The commercial library Agilent Pesticide AMRT PDCL (Table S4), which contains retention time (RT) values (when using a particular set of column and temperature program), was modified by including RIs. To this end, 12 chemicals with a wide range of retention times (RIs ranging from 1192 to 3257) and the n-alkanes mix were injected in the GC-QTOF with the Agilent reference oven program. Library retention time values were then updated using a linear correction between the library and the experimentally obtained retention times, and then converted into RIs.

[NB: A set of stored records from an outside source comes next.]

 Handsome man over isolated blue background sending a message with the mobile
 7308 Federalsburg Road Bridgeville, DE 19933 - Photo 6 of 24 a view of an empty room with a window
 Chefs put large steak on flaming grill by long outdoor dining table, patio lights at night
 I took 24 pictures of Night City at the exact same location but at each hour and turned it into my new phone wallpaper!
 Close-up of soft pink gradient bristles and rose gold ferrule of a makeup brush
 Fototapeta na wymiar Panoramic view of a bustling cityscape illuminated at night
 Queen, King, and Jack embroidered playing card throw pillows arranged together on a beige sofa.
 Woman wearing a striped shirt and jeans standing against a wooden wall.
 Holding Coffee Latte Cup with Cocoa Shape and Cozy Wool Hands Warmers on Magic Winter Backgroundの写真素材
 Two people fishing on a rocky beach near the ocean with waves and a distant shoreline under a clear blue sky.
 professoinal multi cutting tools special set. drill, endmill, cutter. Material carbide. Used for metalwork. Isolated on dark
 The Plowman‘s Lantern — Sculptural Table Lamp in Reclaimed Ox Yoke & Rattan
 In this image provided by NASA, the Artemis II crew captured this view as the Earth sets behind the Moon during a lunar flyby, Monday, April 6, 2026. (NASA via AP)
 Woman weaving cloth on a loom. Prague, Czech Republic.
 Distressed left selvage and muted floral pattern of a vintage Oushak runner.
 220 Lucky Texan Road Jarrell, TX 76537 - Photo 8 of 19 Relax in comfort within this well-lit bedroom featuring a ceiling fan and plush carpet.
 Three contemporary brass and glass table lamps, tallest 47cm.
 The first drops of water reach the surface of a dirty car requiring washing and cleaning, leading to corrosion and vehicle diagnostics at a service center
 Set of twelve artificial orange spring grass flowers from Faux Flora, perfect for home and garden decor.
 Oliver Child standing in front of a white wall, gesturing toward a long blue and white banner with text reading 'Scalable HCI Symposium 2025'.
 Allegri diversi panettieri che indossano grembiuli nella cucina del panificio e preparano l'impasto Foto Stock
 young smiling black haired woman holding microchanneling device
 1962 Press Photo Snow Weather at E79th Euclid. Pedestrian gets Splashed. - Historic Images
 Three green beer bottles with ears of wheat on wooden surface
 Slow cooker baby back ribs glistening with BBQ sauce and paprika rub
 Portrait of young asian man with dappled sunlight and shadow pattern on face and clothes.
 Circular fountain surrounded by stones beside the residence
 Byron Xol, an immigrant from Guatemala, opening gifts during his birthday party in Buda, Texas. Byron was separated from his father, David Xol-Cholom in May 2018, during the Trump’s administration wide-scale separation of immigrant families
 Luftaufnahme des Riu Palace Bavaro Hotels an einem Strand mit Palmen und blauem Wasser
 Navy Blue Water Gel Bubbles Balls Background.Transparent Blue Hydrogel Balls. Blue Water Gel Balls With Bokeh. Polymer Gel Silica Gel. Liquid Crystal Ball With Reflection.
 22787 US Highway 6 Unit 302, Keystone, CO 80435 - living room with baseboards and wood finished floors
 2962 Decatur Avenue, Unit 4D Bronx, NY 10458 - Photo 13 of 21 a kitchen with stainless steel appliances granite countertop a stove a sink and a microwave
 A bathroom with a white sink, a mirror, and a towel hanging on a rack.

A calibration retention time (CRT) file was generated for each set of samples using the C7–C40 n-alkane standard mix injected under the same chromatographic conditions. The CRT file is a csv file that contains the name, retention time, and the Kovats RI of each alkane and is used by the Unknowns Analysis software for RI matching.

Optimization of Unknowns Analysis deconvolution parameters

Several parameters of the Unknown Analysis method using the SureMass algorithm were optimized in order to achieve the best compromise between false positives and false negatives. To this end, a set of 26 model different compounds (see Table S1) was employed for the creation of an EI-HRMS library by injection of individual standards. These chemicals belong to different families (fragrances, plasticizers, phthalates, polycyclic aromatic hydrocarbons (PAHs), parabens, polybrominated diphenyl ethers (PBDEs), benzothiazoles, pesticides, polychlorinated biphenyls (PCBs), organophosphate esters, and UV filter compounds), with molecular weights between 128 and 481 Da and log Kow between 1.7 and 8.0. It also contains compounds with poor (in terms of number of ions) spectra (e.g., dibutyl phthalate, pyrene, and benzothiazole) and rich spectra (e.g., tris(2-butoxyethyl)phosphate, 4-methyl-1H-benzotriazole and triclosan), and a retention time range between 6.3 min (2-chlorophenol) and 26.3 min (benzo[a]pyrene), chemicals with and without Cl/Br atoms, and compounds showing a good peak shape (e.g., BHT) or tailing peaks (e.g., 2-chlorophenol).

Five replicates of mussel extracts (obtained by method B, as detailed above) were spiked with a mixture of these 26 compounds at two concentration levels (10 and 100 ng/g dry weight (dw) in mussel, equivalent to 50 ng/mL and 500 ng/mL in extract) and injected in the GC-QTOF system. Compound identification was performed by considering different method parameters (accurate mass tolerance (AMT), match factor, and pure weight factor (PWF)). From these parameters, AMT represents the maximum allowed difference between target and library exact masses; the score represents the cutoff value (100% is a perfect match) for positive identification, and PWF controls the forward and reverse matching balance, where the values of 0 and 1 represent a purely reverse and forward search, respectively, and the values in between a weighted combination of those extreme situations. AMT and match factor were first assessed at the highest concentration level in terms of false negatives, while the most critical parameter, PWF, was then optimized at the lowest concentration, where both false positives and negatives are considered. Retention times and RIs were not considered at this stage since we wanted to select the best conditions purely in spectral matching terms.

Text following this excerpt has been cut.